Let us take the total number of terms as n.

So,

First term (a) = 25

Last term (an) = 1000

Common difference $(d)=50-25$

$=25$

Now, as we know,

$a_{0}=a+(n-1) d$

So, for the last term,

$1000=25+(n-1) 25$

$1000=25+25 n-25$

$1000=25 n$

$n=\frac{1000}{25}$

$n=40$

Therefore, the total number of terms of the given A.P. is $n=40$.

(ii) $-1,-3,-5,-7 \ldots$

We are given,

$a_{n}=-151$

Let us take the total number of terms as n.

So,

First term (a) = −1

Last term (an) = −151

Common difference $(d)=-3-(-1)$

$=-3+1$

 

$=-2$

Now, as we know,

$a_{n}=a+(n-1) d$

So, for the last term,

$-151=-1+(n-1)(-2)$

$-151=-1-2 n+2$

$-151=1-2 n$

$-2 n=-|5|-1$

$-2 n=-151-1$

On further simplifying, we get,

$-2 n=-152$

$n=\frac{-152}{-2}$

$n=76$

Therefore, the total number of terms of the given A.P. is $n=76$.
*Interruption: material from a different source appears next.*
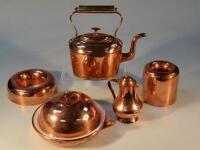 Copperware including two jelly moulds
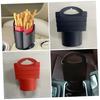 DRESSOOS 2-Piece Car Chip Cup Holder, Car Tray Table, French Fry Cup Holder, Car French Fry Holder, Cup Holder Tray, Drink Cup Holder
(iii) $5 \frac{1}{2}, 11,16 \frac{1}{2}, 22, \ldots$

We are given,

$a_{s}=550$

Let us take the total number of terms as n.

So,

First term $(a)=5 \frac{1}{2}$

Last term $\left(a_{n}\right)=550$

Common difference $(d)=11-5 \frac{1}{2}$

$=11-\frac{11}{2}$

$=\frac{22-11}{2}$

$=\frac{11}{2}$

Now, as we know,

$a_{n}=a+(n-1) d$

So, for the last term,

$550=5 \frac{1}{2}+(n-1)\left(\frac{11}{2}\right)$

$550=\frac{11}{2}+\frac{11}{2} n-\frac{11}{2}$

$550=\frac{11}{2} n$

$n=\frac{550(2)}{11}$

On further simplifying, we get,

$n=\frac{1100}{11}$

$n=100$

Therefore, the total number of terms of the given A.P. is $n=100$

(iv) $1, \frac{21}{11}, \frac{31}{11}, \frac{41}{11}, \ldots$

We are given,

$a_{n}=\frac{171}{11}$

Let us take the total number of terms as n.

So,

First term $(a)=1$

Last term $\left(a_{n}\right)=\frac{171}{11}$

Common difference $(d)=\frac{21}{11}-1$

$=\frac{21-11}{11}$

$=\frac{10}{11}$

Now, as we know,

$a_{n}=a+(n-1) d$

So, for the last term,

$\frac{171}{11}=1+(n-1)\left(\frac{10}{11}\right)$

$\frac{171}{11}=1+\frac{10}{11} n-\frac{10}{11}$

$\frac{171}{11}=\frac{11-10}{11}+\frac{10}{11} n$

$\frac{171}{11}=\frac{1}{11}+\frac{10}{11} n$

On further simplifying, we get,

$\frac{10}{11} n=\frac{171}{11}-\frac{1}{11}$

$\frac{10}{11} n=\frac{170}{11}$

$n=\frac{(170)(11)}{(11)(10)}$

$n=17$

Therefore, the total number of terms of the given A.P. is $n=17$.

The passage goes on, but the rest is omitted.